Peter Brötzmann Chicago Tentet – Signs (2004)
On retrouve le tentet de Chicago, rien que la liste des noms qu’il contient est déjà tout un programme plein de promesses qui, c’est l’évidence, seront tenues. Il y a une telle expérience musicale, un tel savoir-faire chez chacun de ses membres que rien de regrettable ne peut arriver.
Aux anches déjà, Peter Brötzmann, Mats Gustafsson, Ken Vandermark et Mars Williams, un all-stars incontestable, si on ajoute Joe McPhee à la trompette, Jeb bishop au trombone, Fred Lonberg-Holm au violoncelle, Kent Kessler à la basse, Michael Zerang et Hamid Drake aux batteries, c’est tout simplement l’un des meilleurs groupes d’improvisation au monde.
Trois titres sont joués, le premier « Bird Notes (for Bengt Nordström) » signé Mats Gustafsson est enregistré à Vasteras Konserthus, en Suède, le trois novembre deux mille trois. Un beau chaos bien organisé qui rend hommage à l’homme qui accueillit Albert Ayler en son temps.
La seconde « Six Gun Territory » de Fred Lonberg-Holm est capté au « Airwave Studio » les dix-sept et dix-huit juin deux mille deux, en même temps que « Signs », mais elle conserve des attributs de musique contemporaine, elle est magnifiquement interprétée, et on en distingue nettement la trace écrite, un peu stricte, particulièrement dans l’émergence des cordes.

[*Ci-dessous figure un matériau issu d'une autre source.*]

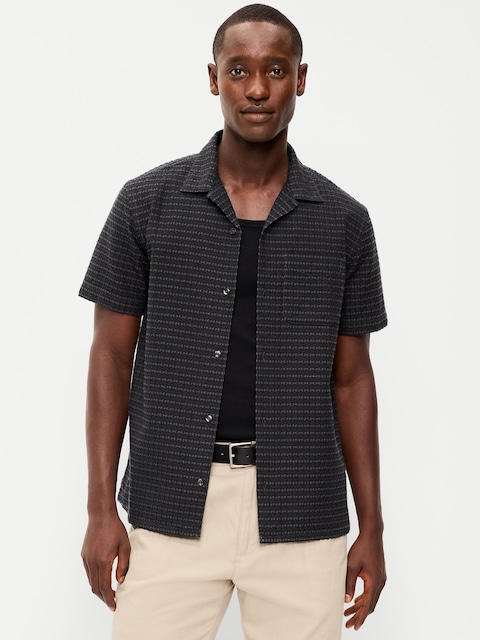 Short-Sleeve Textured Jacquard Camp Shirt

La dernière pièce « Signs » de Peter Brötzmann est enregistrée dans le mouvement, improvisée après des conventions orales. Elle fonctionne par vague successives qui se suivent et varient par la force et l’intensité, elles dessinent en même temps différents motifs, ces signes dont parle le titre, à l’arrivée c’est plutôt réussi.
On remarquera la cohésion de l’ensemble, mais aussi celle des solistes, une certaine qualité dans l’écriture également, la pièce de Brötzmann est ma préférée. Un peu plus de cinquante minutes au programme.